- What you are asked to do: Could you write out, exactly as they stand, only the lines in the listing below from the line with "Sterling Silver Line" to the line with "Foto 2 | Camisa", both ends included, without the pictures?
Top of Record extracts
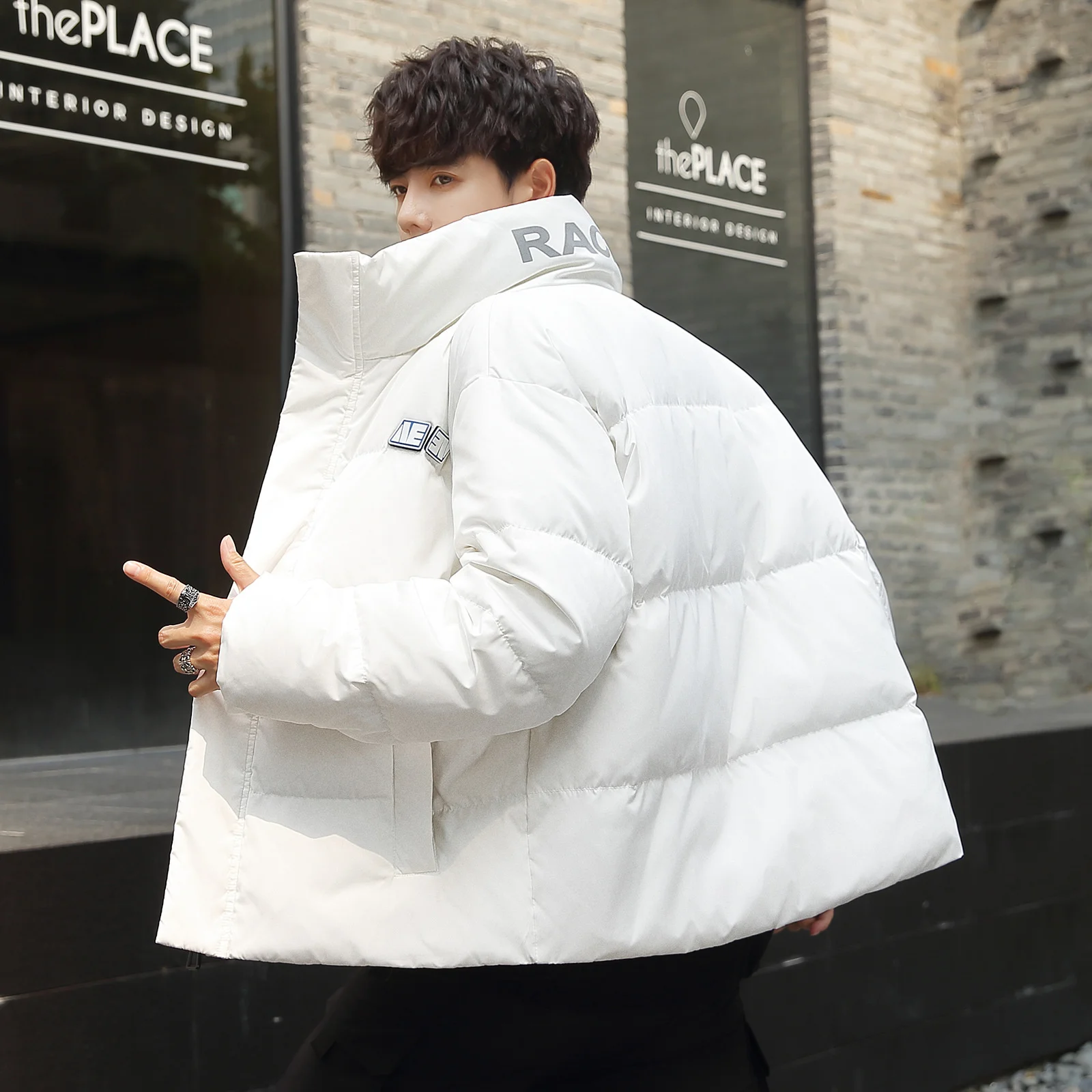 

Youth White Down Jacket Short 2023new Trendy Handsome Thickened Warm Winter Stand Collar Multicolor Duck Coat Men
Bottom of Record extracts
Top of Record extracts
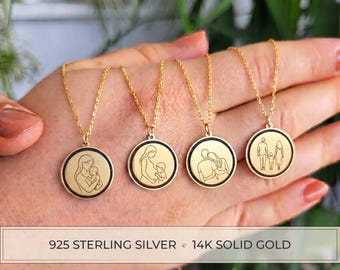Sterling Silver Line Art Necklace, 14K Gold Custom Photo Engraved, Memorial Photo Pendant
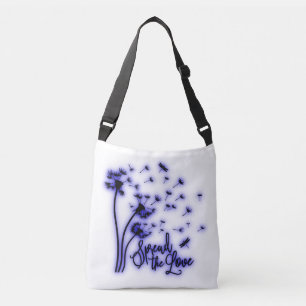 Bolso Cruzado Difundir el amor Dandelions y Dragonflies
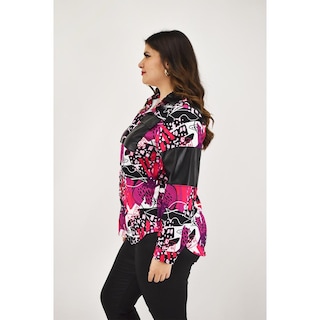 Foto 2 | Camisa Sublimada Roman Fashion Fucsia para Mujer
Bottom of Record extracts
- Task response:
Sterling Silver Line Art Necklace, 14K Gold Custom Photo Engraved, Memorial Photo Pendant
 Bolso Cruzado Difundir el amor Dandelions y Dragonflies
 Foto 2 | Camisa Sublimada Roman Fashion Fucsia para Mujer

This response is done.